Wheeler's comments were the latest in a series from Trump administration officials calling into question the methodology of the report, which expressed with more certainty than ever the threat climate change poses to lives and livelihoods in the United States. The document described how climate-fueled disasters, like the burning of forests in western states and the bleaching of coral reefs from Hawaii to Florida, are already becoming more commonplace.
The commentary from Trump officials is also a recognition of the political potency of the climate report, which administration officials originally published on the Black Friday following Thanksgiving when many Americans were shopping and not paying attention to the news.
Already, California Attorney General Xavier Becerra (D) suggested he would use the report in his office's numerous lawsuits against the administration's rollback of environmental regulations.
"I think I’ve read more of it than they have and I haven't read very much," Becerra said in a separate interview at the Energy 202 event. "It’s kind of disturbing."
Wheeler and other Trump officials have critiqued the report for what they see as an undue emphasis on the worst-case scenarios for temperature increases, by both the scientists behind the report and the news organizations covering it.

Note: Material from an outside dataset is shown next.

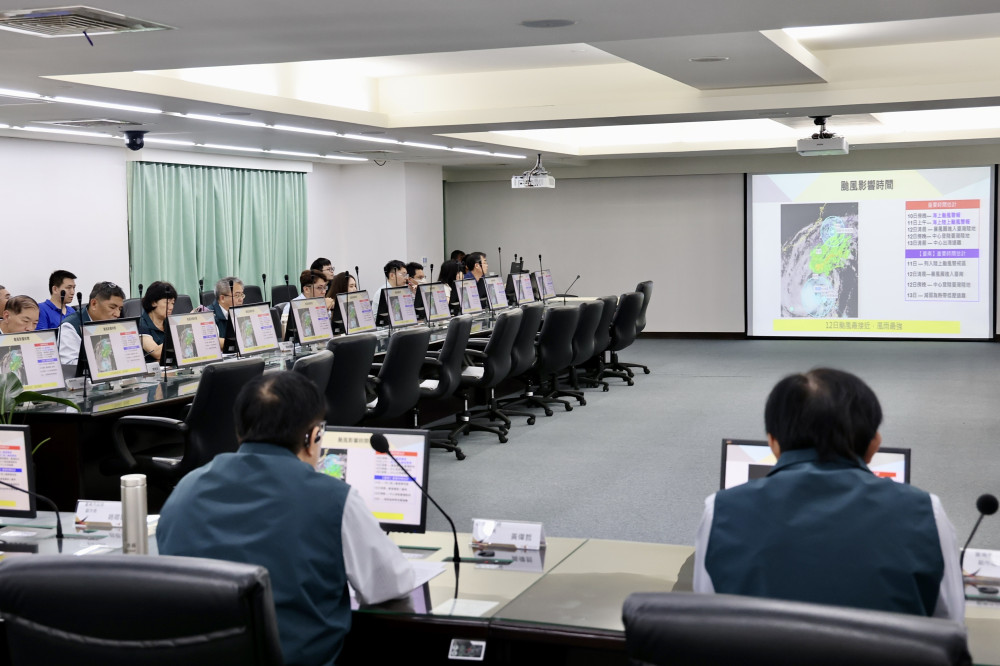 防鳳凰颱風！台南部署抽水機、救生船等設備 黃偉哲呼籲民眾備妥防颱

The report in fact looked at a wide range of warming scenarios.
The acting EPA chief suggested that focusing on extreme scenarios may have been called for by the previous administration.
"I wouldn’t be surprised if the Obama administration told the report’s authors: Take a look at the worst case scenario for this report,” he said, adding that "this report was drafted at the direction of the Obama administration," even though the assessments are mandated by a 1990 law that calls for a new report every four years.
Work began on the report at the beginning of 2016, though most of the drafting was done after Trump was in office. A former chief science adviser to President Obama, John Holdren, vigorously contested Wheeler's characterization about the Obama administration's influence on the report.
"Mr. Wheeler’s insinuation is absolutely false," he said in a statement. Holdren explained his "only instruction" to the U.S. Global Change Research Program, which oversaw the report, was that it "should continue the distinguished tradition of the first three by drawing on the most current peer-reviewed science to illuminate what climate change is doing and is projected to do across the geographic regions and economic and ecological underpinnings of well-being in the United States."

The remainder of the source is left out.